Thailand: Why The Betong International Airport Is A White Elephant – OpEd


Flawed assumptions in public policy can lead to expensive mistakes

The construction of Betong International Airport began in 2017 after the project was pushed by both local identities and the former Thai prime minister Prayut Chan-o-cha. The mountainous enclave in the southern tip of Thailand with unique cuisine and multiculturalism was attracting 1.6 million visitors a year pre-Covid-19. Betong had shed its ‘honky tonk’ reputation and was attracting a much wider diversity of tourists.

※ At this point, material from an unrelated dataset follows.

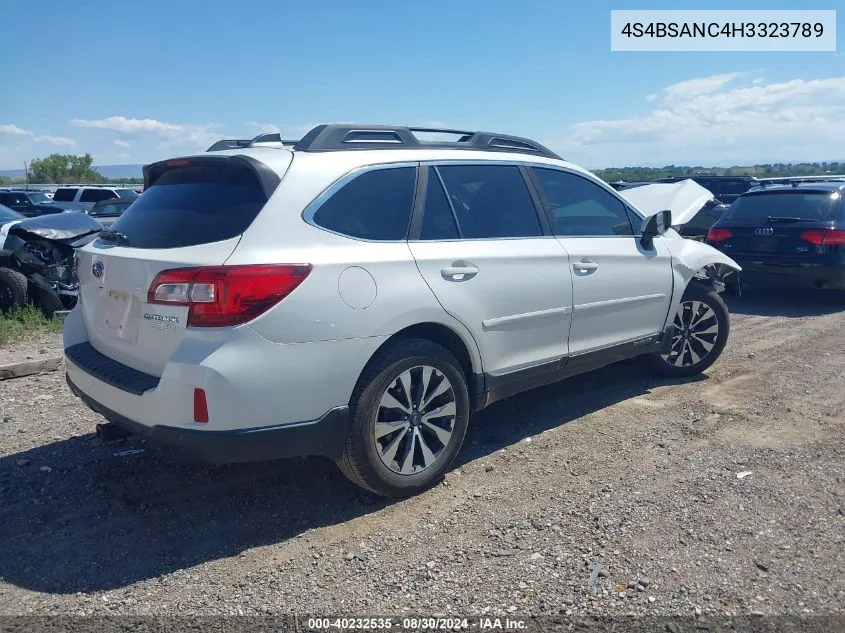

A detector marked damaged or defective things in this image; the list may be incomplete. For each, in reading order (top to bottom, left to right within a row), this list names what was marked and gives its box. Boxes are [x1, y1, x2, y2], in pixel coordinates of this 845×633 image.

damaged car in background [0, 211, 103, 314]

Hotel rooms are often fully booked out on weekends and public holidays. 

The airport, 10 kms east of Betong town in Yarom District was completed mid-2021, where the first flight arrived on January 29, 2022. Then prime minister Prayut Chan-o-cha arrived on the first scheduled commercial flight on a Nok Air 86 seater Bombardier Dash 8 Q400 to attend the official opening of the 1.9 billion Baht airport, which featured giant bamboo outer walls around the terminal (Betong means large bamboo in Jawi the local language) on March 14, 2022.

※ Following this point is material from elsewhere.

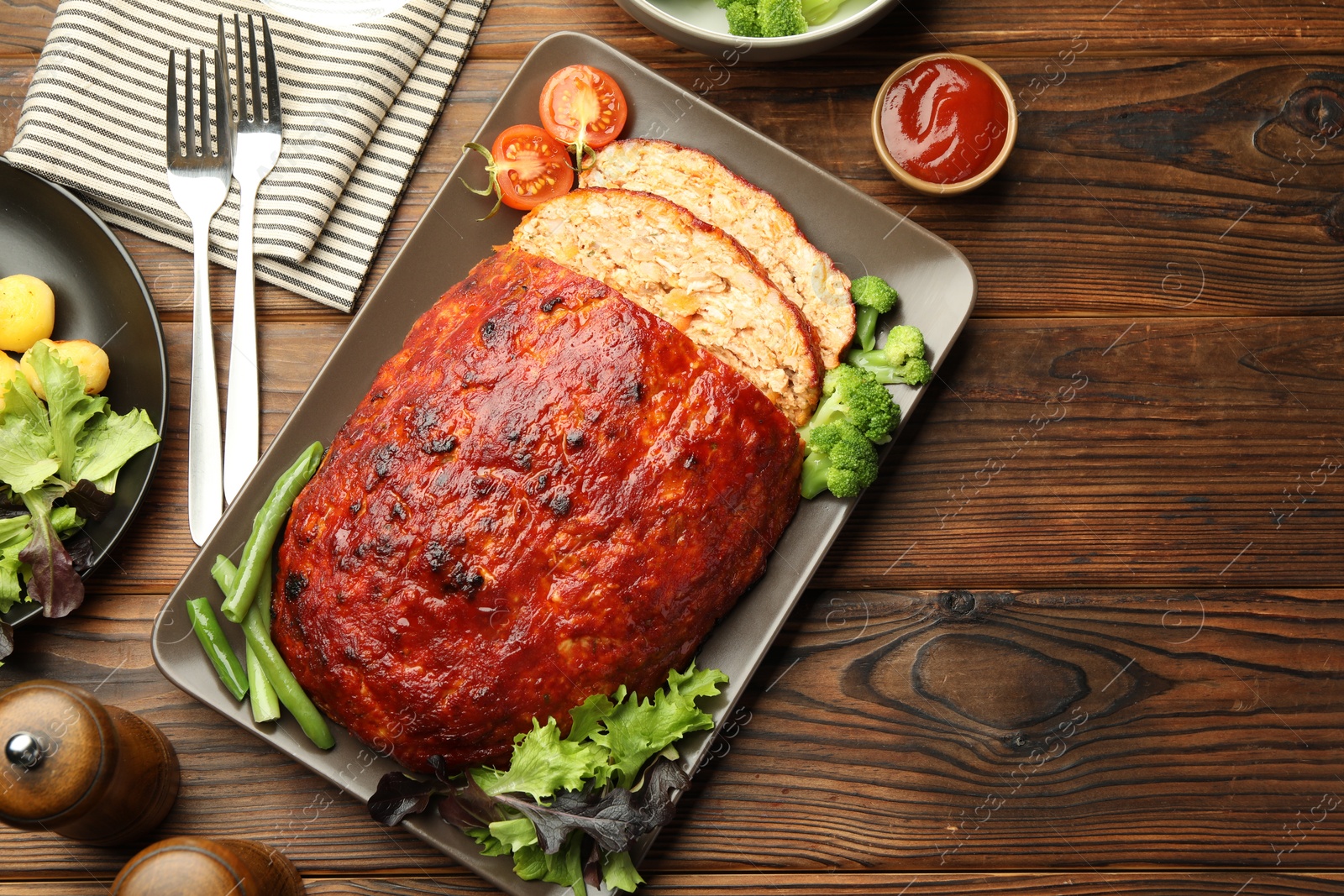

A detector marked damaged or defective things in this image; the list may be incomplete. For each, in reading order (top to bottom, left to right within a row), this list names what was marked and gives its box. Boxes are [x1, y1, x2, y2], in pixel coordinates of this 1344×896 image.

charred spot on glaze [422, 435, 459, 456]
charred spot on glaze [373, 446, 397, 480]
charred spot on glaze [283, 574, 307, 601]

The official opening brought hopes that the airport would establish air links between Betong-Bangkok, and eventually Betong-Kuala Lumpur and Penang and greatly enhance tourism in the town. However, scheduled flights by Nok Air were cancelled indefinitely just two days after they began. 

Nok Air stated at the time that the new route to Bangkok wasn’t financially viable, even though the demand to seats was close to capacity. Due to the short concrete runway of 5,906 feet (1,800 metres) and its 30 metre width, only aircraft such as the ATR-32, Airbus A319, Boeing 737 could operate to and from the airport. This limited seats to 80-90 per flight. As the airport had no fuelling facilities, turboprop aircraft would have to refuel at a third airport for longer routes. 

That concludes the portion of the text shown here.